Orar en tiempo
de Pascua es zambullirse en el corazón de Cristo resucitado, abierto y
encendido en amor por nosotros. Para que así sea pidamos la fuerza del Espíritu
Santo, que renueva nuestros corazones, a veces heridos, y nos enciende en el
fuego de su amor.
Amor entregado
hasta el fin. En una presencia visible para los que compartieron su tiempo en
esta tierra, presencia escondida pero real, para todos, en adelante y en todos
los tiempos. ¡Qué bellísimo designio de amor el suyo!
Este jueves ha
sido durante mucho tiempo el día en que celebrábamos la fiesta de la Ascensión,
que ahora se ha traslada al próximo domingo.
Con todo, el
tono de la lectura evangélica está impregnado del mismo espíritu de despedida
de Jesús, que, por otra parte, llena todo el discurso de la última cena.
Los apóstoles
no entienden de momento las palabras de Jesús: «dentro de poco ya no me
veréis», que luego ya se darían cuenta que se referían a su muerte inminente,
«y dentro de otro poco me volveréis a ver», esta vez con un anuncio de su
resurrección, que más tarde entenderían mejor.
Ante esta
próxima despedida por la muerte, Jesús les dice que «vosotros lloraréis y el
mundo se alegrará». Pero no será ésa la última palabra: Dios, una vez más, va a
escribir recto con líneas que parecen torcidas y que conducen al fracaso. Por
siempre la última palabra la tiene el amor. Y Jesús va a seguir estando
presente, aunque de un modo más misterioso, en medio de los suyos.
Las ausencias
de Jesús nos afectan también muchas veces a nosotros. Y provocan que nos
sintamos como en plena oscuridad. Sólo la fe nos asegura que la ausencia de
Jesús es presencia, misteriosa pero real. Son las ausencias y presencias en las
que nos movemos.
Nos resulta
cuesta arriba entender el camino hacia la muerte. Nos gustaría una Pascua sólo
de resurrección. Pero la Pascua la empezamos ya a celebrar el Viernes Santo.

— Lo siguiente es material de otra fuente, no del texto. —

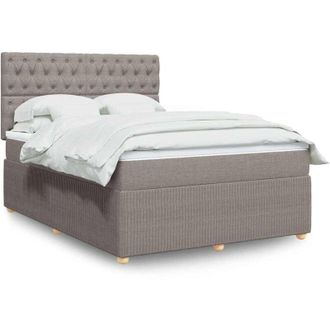vidaXL Vidaxl - Cama Box Spring Con Colch&oacute;n Tela Gris Taupe 140x190 Cm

Hay momentos en que «no vemos», y otros en que «volvemos a ver».
Celebrando la
Pascua debemos crecer en la convicción de que Cristo y su Espíritu están
presentes y activos, aunque no los veamos. La Eucaristía nos va recordando
continuamente esta presencia. Y por tanto no podemos «desalentarnos», o sea,
perder el aliento.
Con María, la
llena del Espíritu Santo, aprendamos a ser dóciles a sus inspiraciones, fieles
en el seguimiento de Cristo y verdaderos hijos del Padre.